Monday, July 11, 2016

Hickory shuckworm, fall webworm and scab: Time to spray again

   I've been watching the weather and monitoring our pecan grove trying to keep to top of possible pest problems. I'm really worried about scab get started on our nut crop. Scab infections can spread rapidly on pecan shucks during the period of rapid nut growth that occurs during July. We have received numerous rain showers since the last time we made a fungicide application and the time has come to apply another protective layer on fungicide on the nuts (2 weeks between sprays).

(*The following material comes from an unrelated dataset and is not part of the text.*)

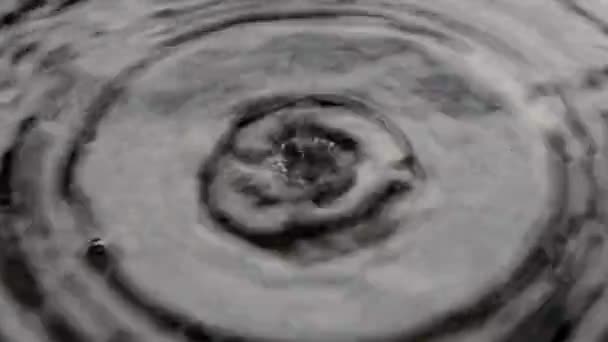 Woda Kapie Czarnej Patelni Tworząc Fale — Wideo stockowe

    In scouting our pecan grove, we've seen three insect pests that I would like to keep under control. The first is fall webworm (photo at left). We don't have an overwhelming webworm problem in the orchard but there are just enough first generation colonies that, if left untreated,  may lead to a huge second generation problem in August.
    We have also collected several dropped nuts damaged by hickory shuckworm  You can identify hickory shuckworm damage by finding an ovipostion scar surrounded by a ring of white insect scales (photo at right). With a low to moderate crop this year I want to make sure we hold onto as many nuts as possible. Controlling hickory shuckworm will help maintain the current nut set.

    The third insect pest we have found in our pecan grove this week is Japanese beetle. This is a new pest for us and one that is just starting to move into our area. This shiny green beetle with copper-colored wing covers, usually feeds in groups of several beetles. Pecan leaves take on a tattered appearance following beetle feeding.
   In spraying for pecan scab today, we included an insecticide in the spray tank to make sure we keep webworm, shuckworm, and Japanese beetle under control.